As we’ve noted before, vouchers are real money for candidates, but for voters, they’re a kind of pseudo-money that can’t be spent on rent, food, or beer/whiskey/weed. Would all those people have reached into their actual wallets to pay for her campaign? We’ll never know because she didn’t have to ask them.
“The vouchers made my campaign viable; I do not have wealthy friends,” Thomas-Kennedy told me. “So I’m pretty dang grateful for the vouchers, and I hope it shows folks who, like me, don’t have wealthy friends or connections that a run is doable.” But as Houston’s bid for mayor teaches us, harvesting a bunch of democracy vouchers doesn’t make you a viable candidate. Houston’s campaign spent more than $400,000 paying Prism to gather vouchers and employing an unusually large campaign staff. Even so, Houston got fewer than 5,500 votes.
Thomas-Kennedy’s campaign, meanwhile, was actually trying to get her elected. Along with paying Prism roughly $50,000 for a continuing voucher-harvesting operation, the campaign’s most recent disclosure shows north of $80,000 in spending on things that generally bring in actual votes: mailers, online advertising, and video production. She got more than 70,000 votes to finish roughly 7,000 votes ahead of Davison and 10,000 votes ahead of Holmes.
That voucher money continues to flow in, and as we look ahead to November, Thomas-Kennedy has to be considered the favorite. While the desire for change at the city attorney’s office may be spread across the political spectrum, Davison is still a Republican running in Seattle and can’t count on inheriting more than half of Holmes’ voters. So this bold use of the city’s publically financed campaign system may well result in Seattle traveling further into the undiscovered country of abolition than many folks are prepared for.
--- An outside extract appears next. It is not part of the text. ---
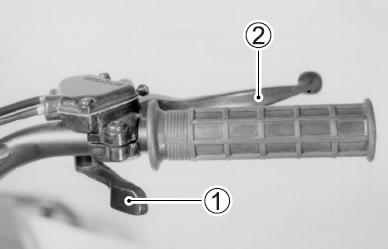 Prawy uchwyt kierownicy Dźwignia gazu (1) Prędkość silnika jest uzależniona od pozycji, w której znajduje się dźwignia gazu.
It’s not clear that voters weren’t just tired of Holmes, or just tired of the status quo in general. But what is clear is that candidates and campaigns in the city are learning to play on a significantly altered field, with revised rules that can favor an unknown candidate with a hustling team and a hot message. Anyone who expects to compete had best suit up.
This story first appeared in the author’s Substack website, The Washington Observer.
1. The city attorney only prosecutes misdemeanors. The county prosecutor handles more serious crimes.
2. Nick would argue that he tries to avoid blows to the face, but we’ve seen video and we’re not buyin’ it.
3. As a young reporter, your correspondent covered Oklahoma County District Attorney Bob Macy, who sent 54 people to death row over 21 years in office. To call his re-election results lopsided would be a vast understatement. After he left office many of his convictions were called into question because of prosecutor-friendly corruption in the state crime lab.
4. There are, of course, exceptions, notably the current district attorney in Philadelphia, who is the subject of this PBS docuseries.
5. The Stranger’s endorsements are a group effort, so we don’t know exactly who wrote that stinging paragraph. Many of the writers who were there in 2017 have left for less exploitative work elsewhere.
6. Your correspondent was deep in an Idaho river canyon on July 13, gleefully off the grid; running whitewater; drinking with some of his oldest friends; and, most importantly, willfully ignoring all this.